De biscuit is poreus, dat maakt plateelschilderen lastig. Otterspeer: „Het pigment vloeit niet uit, het trekt direct in. Dat verrast vaak deelnemers aan een workshop. Je moet het pigment met één streek aanbrengen, niet te veel, niet te weinig. Bijschilderen kan niet, dan wordt het één smerige brij. Elke penseelstreek zie je later versterkt terug.”
Er is, zegt Otterspeer, nóg een groot verschil met gewoon schilderen. „Een plateelschilder geeft zijn werk over aan het vuur. Het is altijd spannend wat er na het bakken overblijft. Door mijn ervaring voel ik het ongeveer aan. Iemand die net aan plateelschilderen begint, weet niet wat hem overkomt.”
De Goudse plateelschilderes werkt met circa 70 keramische pigmenten die ze met penselen van dierlijk haar aanbrengt. „Elk pigment vereist een andere hoeveelheid water. Je maakt ook niet zomaar oranje door rood en geel te mengen. Op het palet mag dat er aardig uitzien, na het glazuren en stoken is het meestal modderig vies. Zo werkt het glazuur op het pigment in.”
Het ambacht heeft zich op het gebied van kleuren flink ontwikkeld. Otterspeer toont een bordje dat in 1945 is gemaakt ter gelegenheid van de bevrijding van Nederland. „Doordat je het geheel ziet, weet je dat er rood in de vlag zit. Dat ‘rode’ kan in de basis best echt rood zijn geweest, maar het glazuren en het stookproces hebben dat veranderd. Tegenwoordig kan het er heel wat sprankelender uitzien. Naast natuurlijke pigmenten zijn er ook synthetische en kun je bijna alle kleuren toepassen.”

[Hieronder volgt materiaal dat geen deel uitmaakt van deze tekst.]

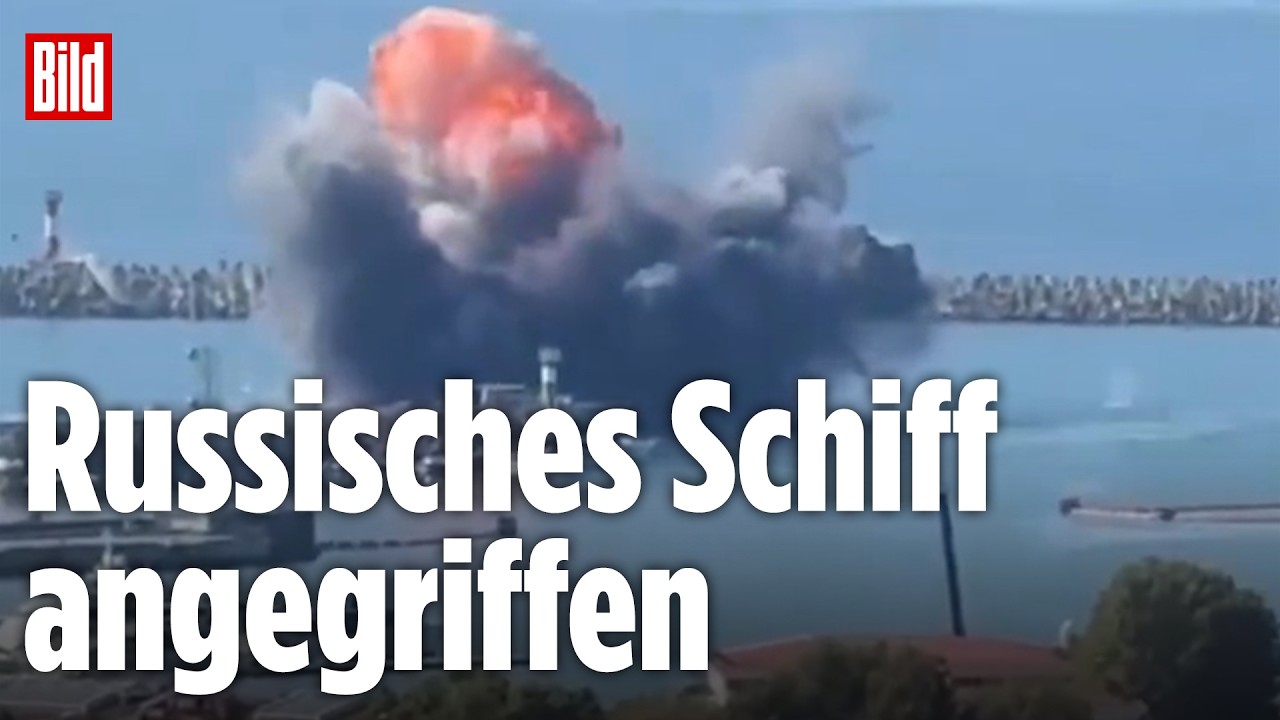 Drohnenangriff Sotschi – Rauch über dem Hafen von Sotschi nach ukrainischem Drohnenangriff auf das russische Schiff Nefrit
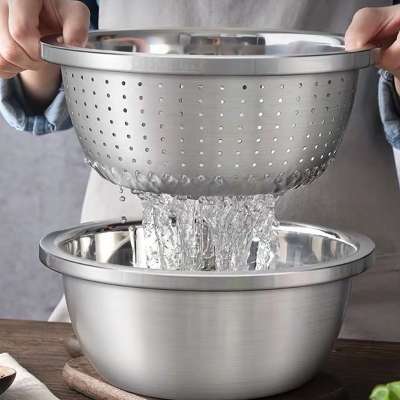 Stainless Steel Solid and Durable Basin Kitchen Tool Strainer Bucket Rice Sieves with Various Size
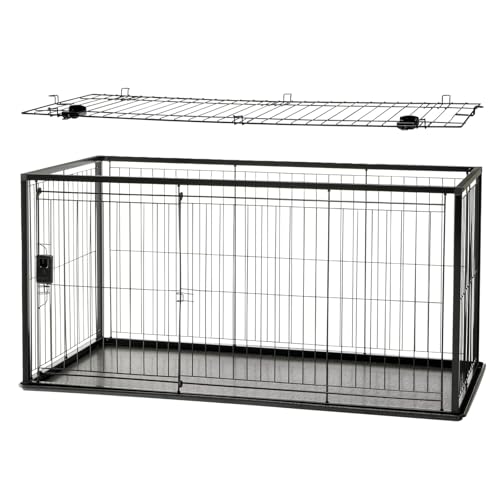 ペットサークルと専用屋根面のセット 120-60 ブラック | ペット ケージ トレー付 幅120cm 超小型犬 小型犬 屋根つき スライドドア スチール おしゃれ モダン 黒 ザッカLab.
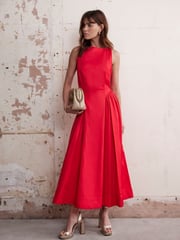 Mint Velvet Red Full Skirt Midi Dress - Image 2 of 6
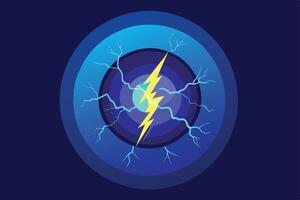 A graphic illustration of a lightning bolt within a circle. vector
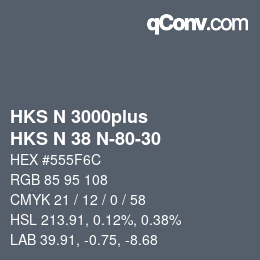 カラーコード: HKS N 3000plus - HKS N 38 N-80-30 | qconv.com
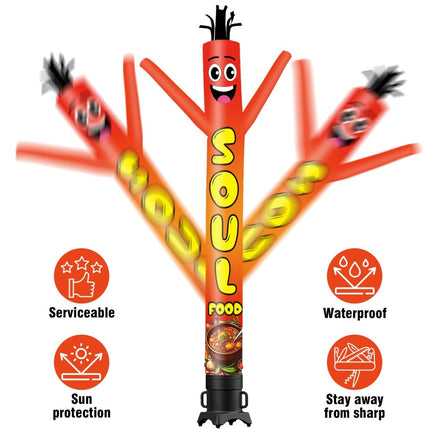 6 10 15 20FT Tall Soul Food Waving Inflatable Tube Man(Blower Not Included) - goodeny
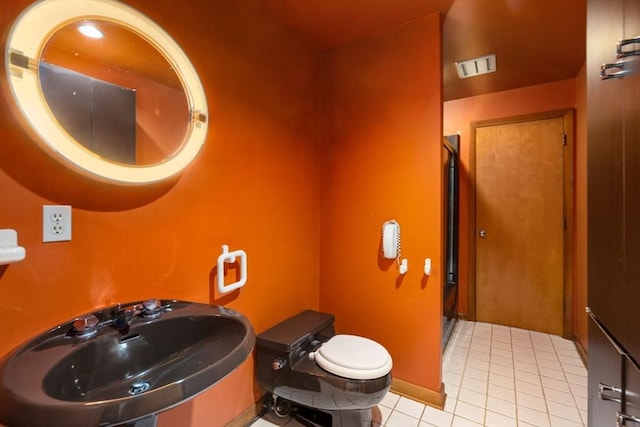 bathroom with tile patterned floors, toilet, visible vents, and a sink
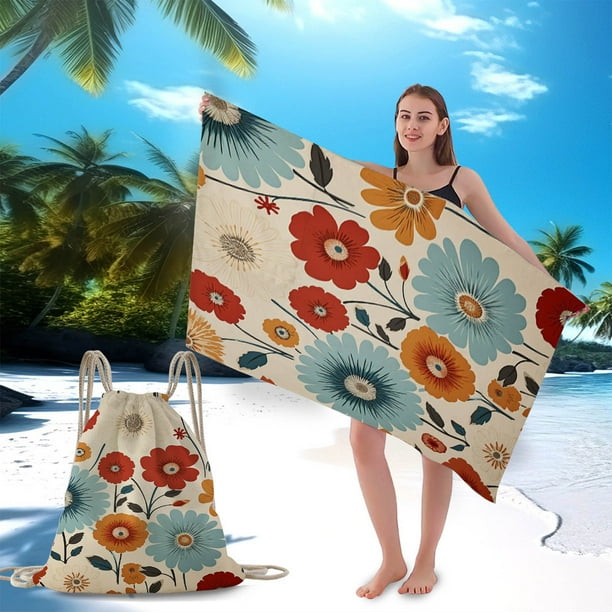 Fiudx Mochila de Toalla de Playa Dos En Uno, Toalla de Microfibra Superabsorbente, Bolsa Ligera con Cordón, Imprescindible para Fiestas En La Piscina, Accesorio de Viaje Multiusos, Tamaño 140 X 70 Cm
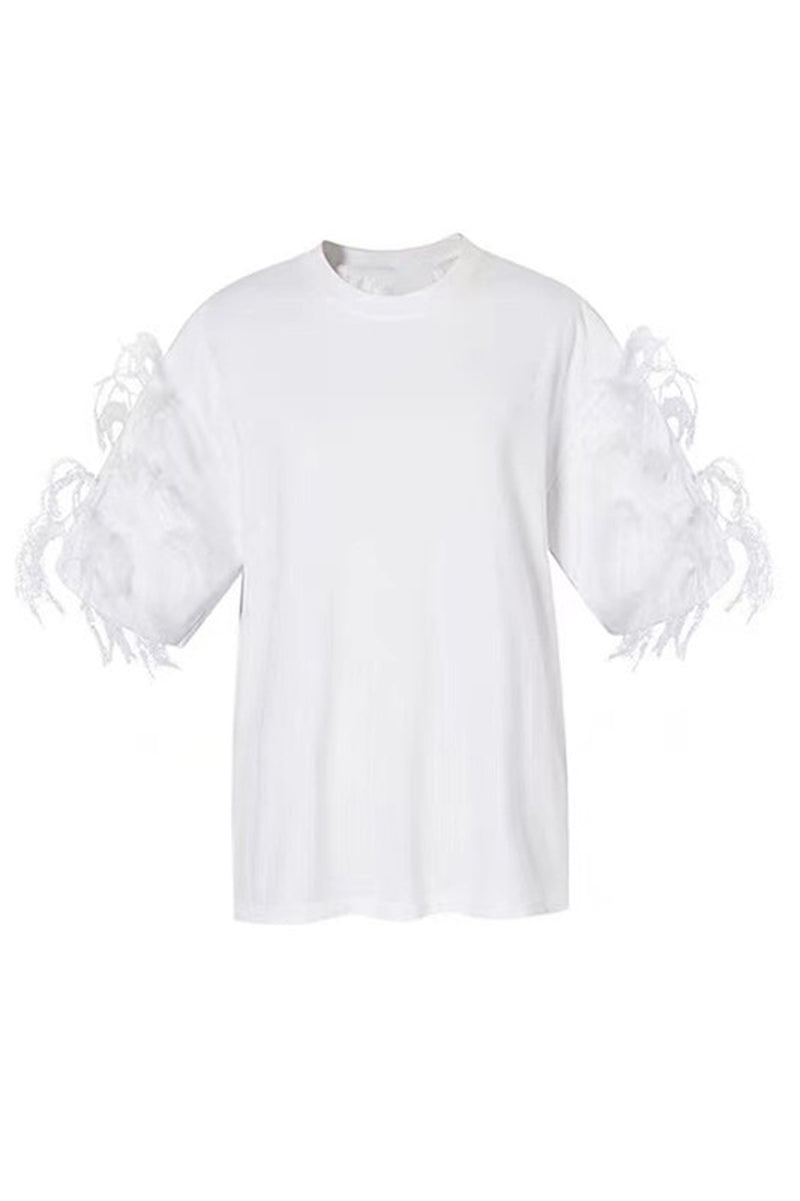 Feather Sleeve T-Shirt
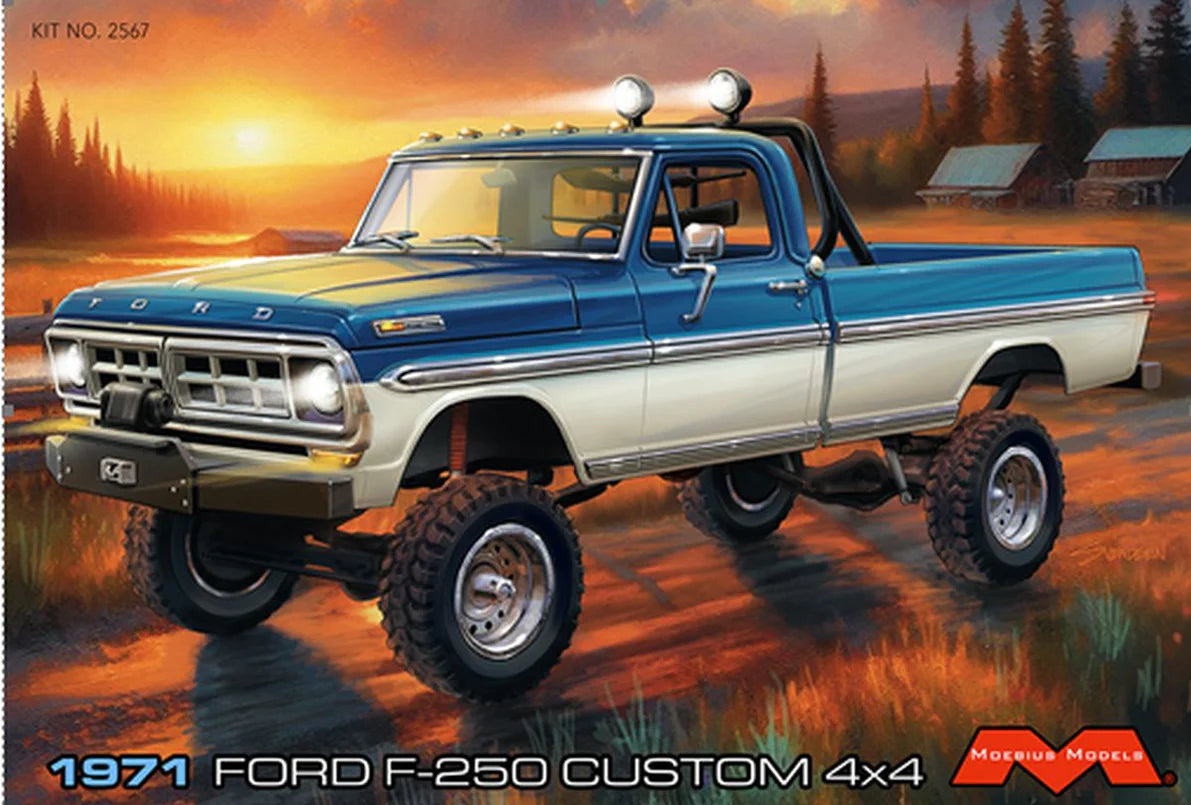 Moebius Models 2567 1971 Ford F-250 Custom 4x4 1:25 Plastic Model Kit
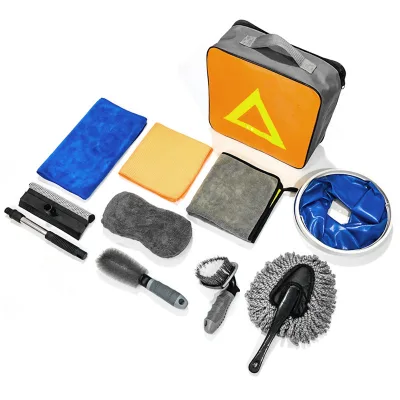 Hot Selling 10pcs Portable Microfiber Car Care Kit Wash Cleaning Set with Plastic Brushes for Car Wash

Otterspeer verwacht voor de toekomst veel van 3D-printers, die nieuwe biscuitmodellen mogelijk maken. Het ambacht zelf zal niet veel wijzigen. „Met rust en concentratie, de zorgvuldigheid waarmee je het glazuur toepast en spullen in de oven plaatst, kun je iets moois neerzetten. Over elke stap moet je nadenken. Maar een plateelschilder moet wel loslaten en het vuur zijn werk laten doen. Als je een controlfreak bent, moet je geen plateelschilder worden.”
Nog een handvol
In Nederland bestaan nog enkele fabrieken waar plateel wordt gemaakt. Trudy Otterspeer is een van de weinige –een handvol, zegt ze zelf– zelfstandige plateelschilders die het ambacht op traditionele wijze beoefenen.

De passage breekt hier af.